The database option „Auto Update Statistics“ ensures that statistics are automatically updated when a threshold is reached. Under certain conditions, these updated statistics are not considered Why is that?
Inhaltsverzeichnis
Statistics
The query optimizer uses statistics to create query plans that improve query performance. In most cases, the Query Optimizer automatically generates the required statistics; in other cases, additional statistics must be created to achieve optimal results. Statistics can become outdated when the data distribution in the table is changed by data modification operations.
When the option „Auto Update Statistics“ is enabled for the database, the Query Optimizer checks when statistics might be outdated and updates those statistics as soon as they are used by a query. The Query Optimizer determines when statistics might be out of date by counting the number of data changes since the last statistics update and comparing them to a threshold. The threshold for outdated statistics is calculated dynamically.
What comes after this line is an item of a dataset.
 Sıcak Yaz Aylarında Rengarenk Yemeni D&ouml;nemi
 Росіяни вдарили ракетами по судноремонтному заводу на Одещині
I wrote about the formula for the threshold in the article „AUTO_UPDATE_STATISTICS and thresholds„. To calculate the threshold, I have developed a user-defined function that calculates the value when a statistics object is updated, depending on various factors. The function can be downloaded from my GIST repository.
Note
The examples in this blog post uses trace flags that are – partially – not documented by Microsoft:
- 3604: Enables the output of messages to the client instead of to the error log
- 9204: Shows the statistics that are „interesting“ for the query optimizer that are loaded
- 9292: Shows the statistics that the query optimizer considers „interesting“ in the compile phase
- 9481: Compiles with the „old“ CE. Otherwise the output of TF9204 and TF9292 will not work!
Test environment
The demo shows that the above statement regarding the updating of statistics cannot be applied across the board. For the demonstration I use my demo database [ERP_Demo], which I use in my workshops and sessions at conferences. It can be downloaded here. The demo database contains all functions as a framework that I use for this demo.
/*
The table dbo.customers contains 1.6 mio rows.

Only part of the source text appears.